Anderson says it was more the content of the story than his presentation that made “Idiots of the Week” a hit.” In one story a guy outside Philadelphia decided to rob a house. Once inside he filled a pillowcase full. Intending to head out the garage door, he closed the door to the house behind him and hit the automatic door button. But the automatic door didn’t work. The would-be burglar stayed locked in the garage for eight days, living on a fridge full of Diet Pepsi and dog food. When the homeowner returned and the burglar was freed, he filed suit against the homeowner’s insurance company, winning $450,000 in damages.

“Who’s the bigger idiot?” Anderson asks.

The segment’s success gave Anderson an idea to capitalize on a talent and an interest he’d long harbored. Using his home computer he began piecing together a program designed for the benefit of the independent, unsigned musicians. The way he figures, every great musician started out with nobody knowing or caring who they were.

“Charlie Daniels started out unsigned,” Anderson said. “Elvis started out unsigned.”

Anderson doesn’t hem himself in by genre or geography. Musicians featured on the show come from the world over. The show’s most requested songs last year, “Coaltown Babies” and “Crescent City,” were by the quartet MINiMAL out of San Francisco.

He and Elly Cirino, his public relations manager, listen to everything that comes in — a task that can be both enlightening and enslaving.

“You never know where the jewel is going to be, you never know,” Cirino said.

Anderson also throws in a few local notables, like the group Stone Black, which often plays in Haywood and Jackson counties, and Bobby G, a Cruso-based guitar player who was the 16th most requested artist last year. However, including more local music is hard.

“We don’t have too many local artists available to us,” Anderson said.

Anderson’s set up isn’t conducive to live music, and many local music groups haven’t yet recorded their songs. Stone Black already has one self-produced album out, and headed to Nashville to begin working on their second this past weekend.

Even with his radio show broadcast in six countries on 14 AM and FM stations and five Internet stations, Anderson isn’t making any money from On The Horizon. It’s a labor of love.

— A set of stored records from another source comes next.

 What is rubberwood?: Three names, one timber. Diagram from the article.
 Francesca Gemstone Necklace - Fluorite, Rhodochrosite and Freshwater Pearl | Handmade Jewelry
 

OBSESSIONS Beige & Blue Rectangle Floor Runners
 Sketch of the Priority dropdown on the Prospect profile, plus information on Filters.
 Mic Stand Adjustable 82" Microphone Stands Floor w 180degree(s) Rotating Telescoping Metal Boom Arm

“It’s something I can’t put down, and there were times that I really wanted to put it down too,” he says.

The agreements he signs with musicians featured on the show state that the airtime is royalty free. It’s a set up much unlike most commercial radio where pay-for-play arrangements keep songs in constant repetition, regardless of demand. The structure can create a hit rather than let the market be driven by consumer choices. Anderson’s musicians are on the low end of the music business food chain and must rely on getting heard before anything else.

“They’re looking for the exposure to maybe get some interest from the record labels or promotional teams or something along those lines,” Anderson said.

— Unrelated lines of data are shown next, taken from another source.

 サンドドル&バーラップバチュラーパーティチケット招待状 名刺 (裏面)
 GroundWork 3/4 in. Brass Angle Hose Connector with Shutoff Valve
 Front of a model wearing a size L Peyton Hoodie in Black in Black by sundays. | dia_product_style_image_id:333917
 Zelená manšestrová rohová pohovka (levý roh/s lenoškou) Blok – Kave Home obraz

Listeners email in, send instant messages or even call to make their requests for the weekly program. Anderson spends about five to six hours in production to make the one-hour show, which he then uploads to his Web site every Sunday.

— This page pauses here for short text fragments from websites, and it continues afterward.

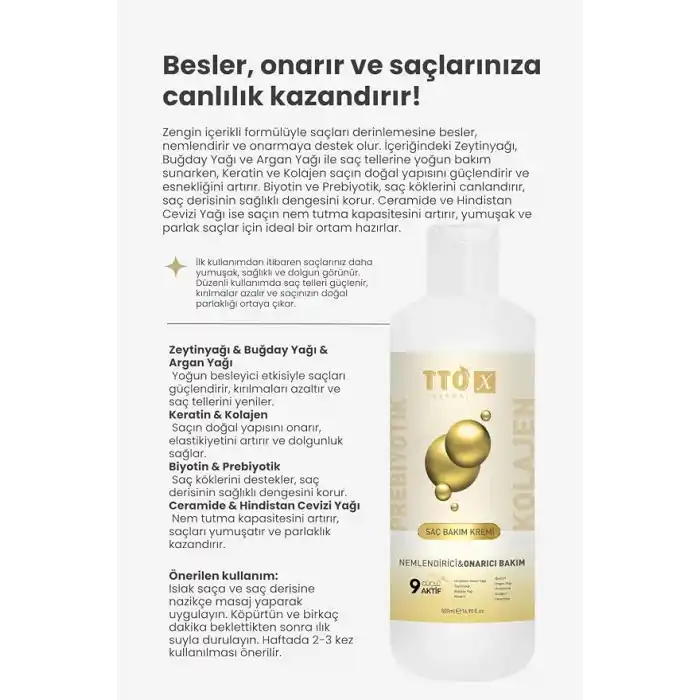 TTO X Nemlendirici ve Onarıcı Saç Kremi Kolajen ve Prebiyotik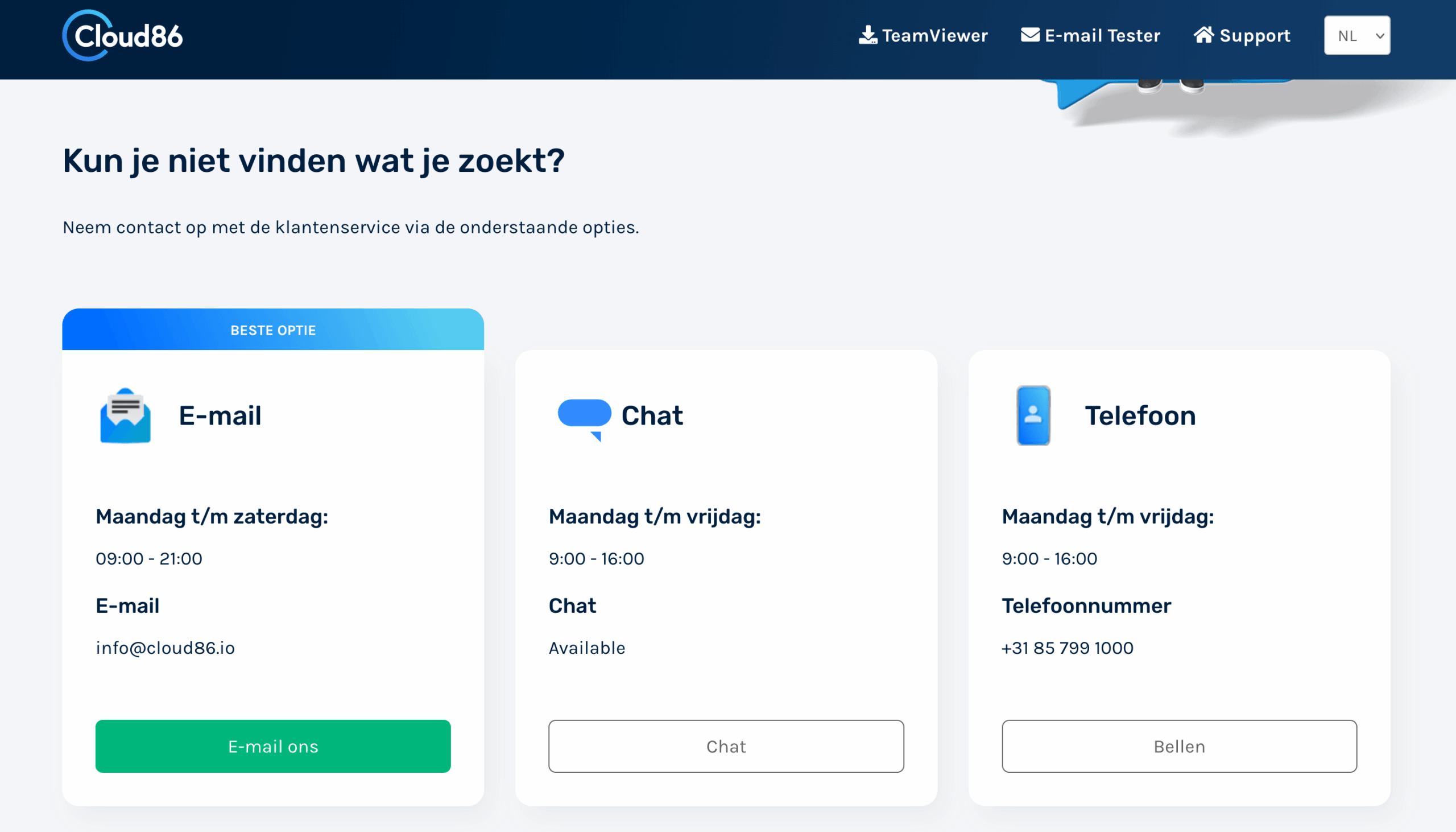 Klantenservice bereikbaarheid van Cloud86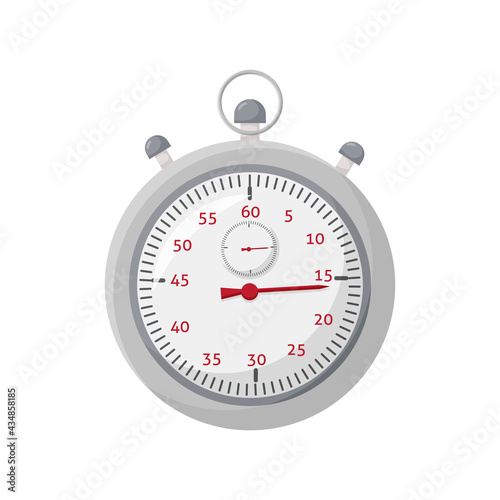 Stopwatch, special watch to start, stop measure. Sport and competition equipment. Vector stopwatch illustration on white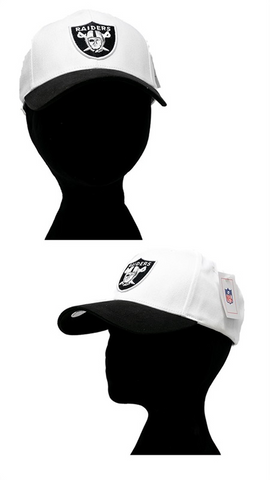 Baseball Cap - Raiders, White w/Black Bill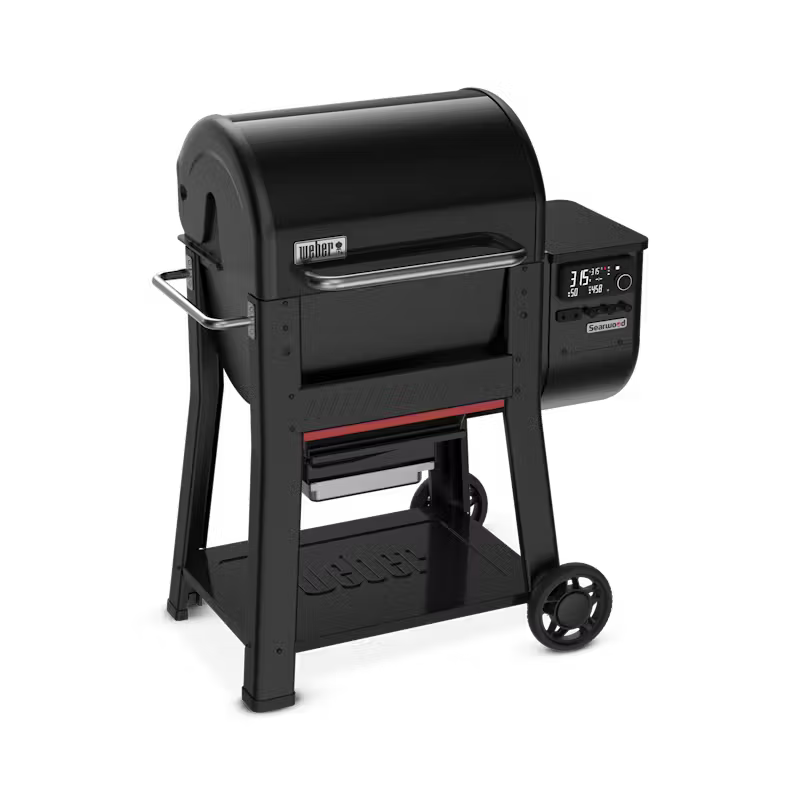 Weber Searwood Pellet Barbecue in black with digital control panel and two wheels on one side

Though On The Horizon is re-broadcast over the airwaves during the drive to work in L.A., there’s no local station that’s carrying it — so far. Anderson is looking to expand, but moreover, he’s looking for sponsorships. What’s hard is that since his show is aired internationally, a local company won’t have much resonance with a listener in Australia. The sponsors need to be recognizable on a grand scale — McDonalds, Coca-Cola — but in order to secure the backing, On The Horizon has to have something to offer.

And it just as well might. While there’s no truly accurate way to gauge online listening — a system such as Neilsen ratings doesn’t exist for Internet radio — the industry is paying attention to what Anderson’s playing. New Music Weekly magazine awarded IRADIOLA, a station on which On The Horizon airs, Internet Radio Station of the Year. Anderson also co-hosts the station’s “Indie Traffic Jam” program with Mark “Maverick” Coon, and Carmen Allgood, the producer of the “Colorado Wave” Internet radio show.

“This thing has come a long way,” Anderson said.